I agree wholeheartedly with this, however, the same demographic seems to love "Legends of the Hidden Temple" which was also an earnest, immersive game. Do you think that worked better than "Time"? And if so, why?
The thing that I'm reminded of when I watch these old shows is that they did things you just could not replicate out of the home office. As goofy as the first three rounds are, and having to suspend belief that the Temple Games are themed around the event and not just drawn from the same pool of five games with new prop dressing, the end game is magnificent and it's as close to Indiana Jones as a kid is going to get.
Sure, the host was outsourced to a rock and a voice-over guy, but for three minutes you got lost in the action, hoping the team would pick the right path or notice little things like the headdress feather in the python room indicated that a Temple Guard was ready to spring, or finding things to throw at the TV because the kid could not be less competent at putting the monkey together than if it was an IKEA bookcase, that at least for me I was always emotionally invested in the outcome: happy when they won and disappointed if they just won the skateboard consolation prize.

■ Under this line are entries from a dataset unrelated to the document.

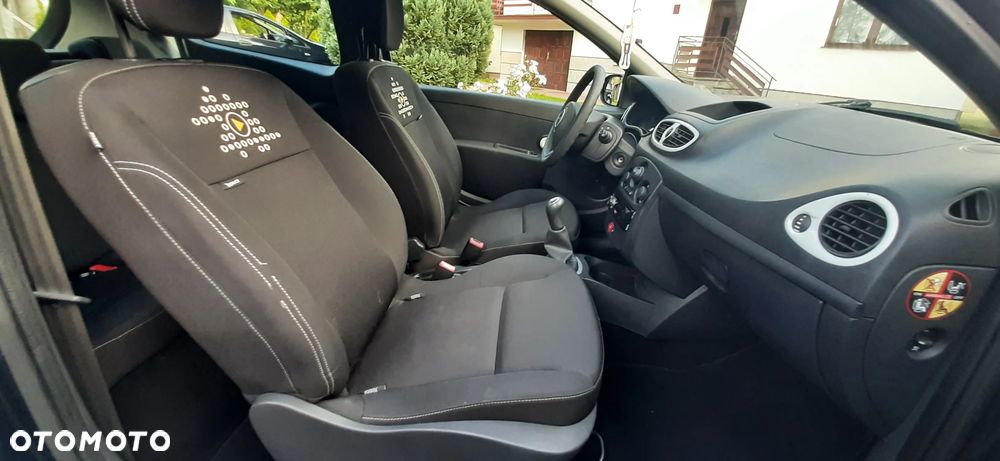 Renault Clio - 25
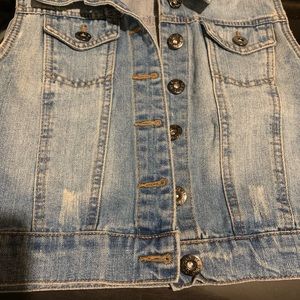 Sleeveless denim jacket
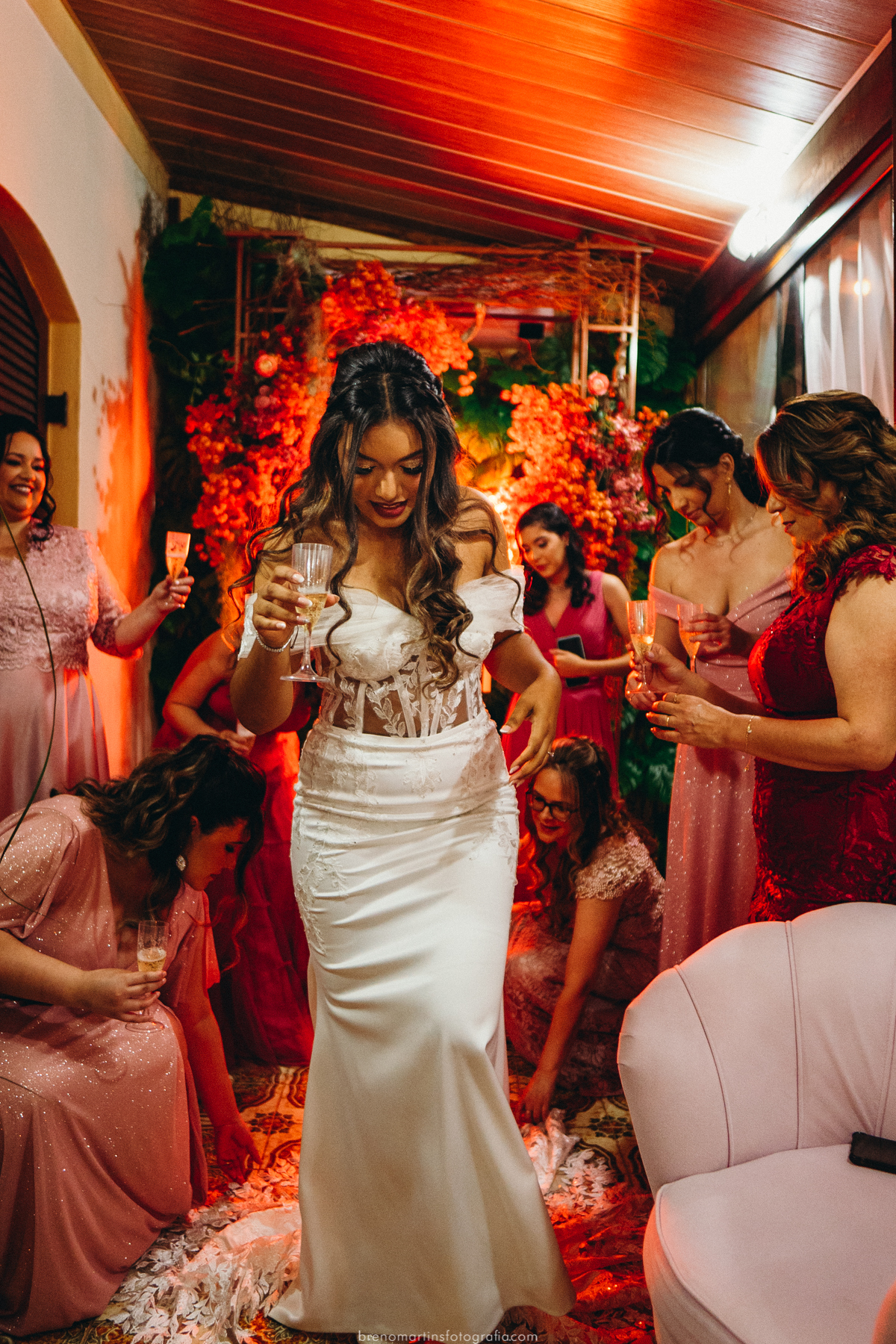 maine-e-matheus-making-of-noiva-atelie-make-up-e-art-viviane-calian-jacarei-sp-cerimonia-e-festa-espaco-boulevard-estrada--velha-de-igarata-1571-buffet-jacarei-sp-templo-de-campinas-casamento-no-templo-brenomartinsfoto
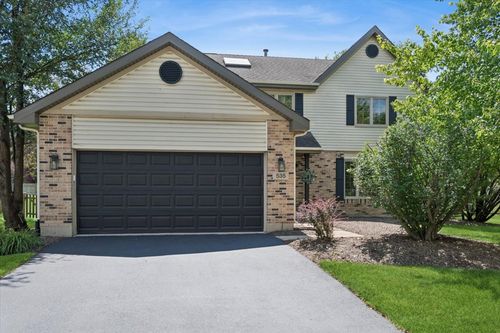 535 Chester Court W, Aurora, IL, 60504 | Card Image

With the Trail of Time, the quiz material was rehashed twice before and you generally got a good sense of whether the kid could win it based on how many wrong answers were given. It felt like you were watching a thing happen than experiencing it, at least for me. Where in the World did so many things so well and hit so many high notes that Where in Time was bound to compare unfavorably no matter what. I think that if Where in Time was the first and only we would say "they're trying for a thing and it's got some highlights," but to go from Greg and his marzipan flavored trip portfolio to Kevin Shinick and "activate the time portal!" it's just a cringe-a-minute.